PROVIDED RECORDS:
━━━━━━━━━━━━━━━━━━━━

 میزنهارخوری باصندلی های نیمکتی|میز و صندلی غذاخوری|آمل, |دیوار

━━━━━━━━━━━━━━━━━━━━

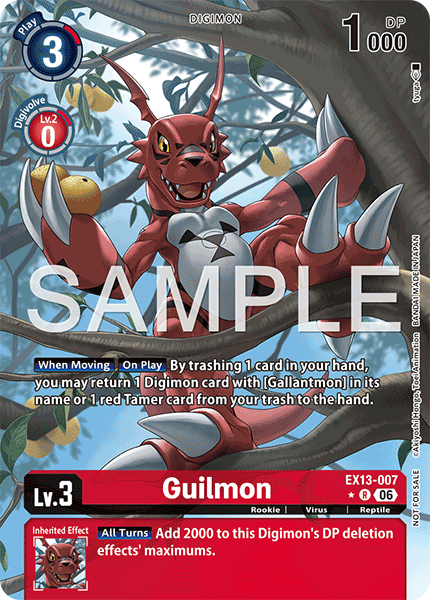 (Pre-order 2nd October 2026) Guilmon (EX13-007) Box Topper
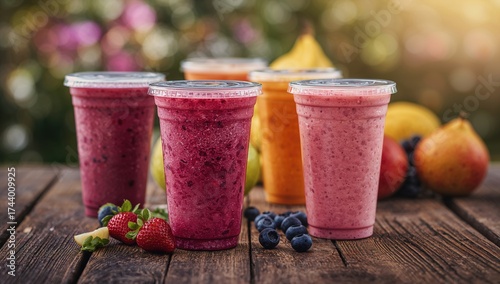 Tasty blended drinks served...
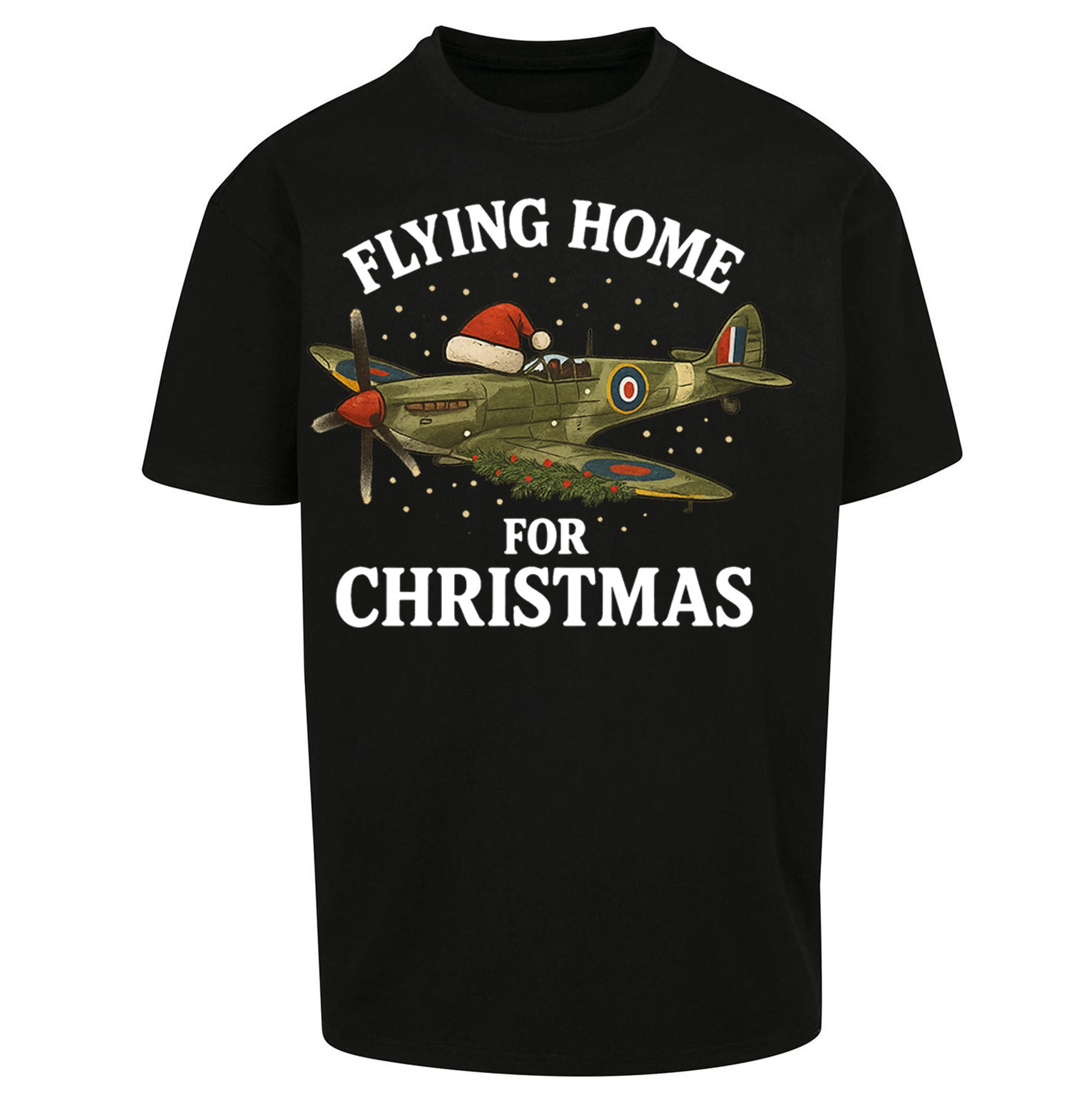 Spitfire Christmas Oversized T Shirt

━━━━━━━━━━━━━━━━━━━━

Find where the line with "(Pre-order 2nd October" sits in the material above and where the line with "Spitfire Christmas Oversized T Shirt" sits. Set down exactly the lines from the first to the second, both included and nothing else, without pictures.

 (Pre-order 2nd October 2026) Guilmon (EX13-007) Box Topper
 Tasty blended drinks served...
 Spitfire Christmas Oversized T Shirt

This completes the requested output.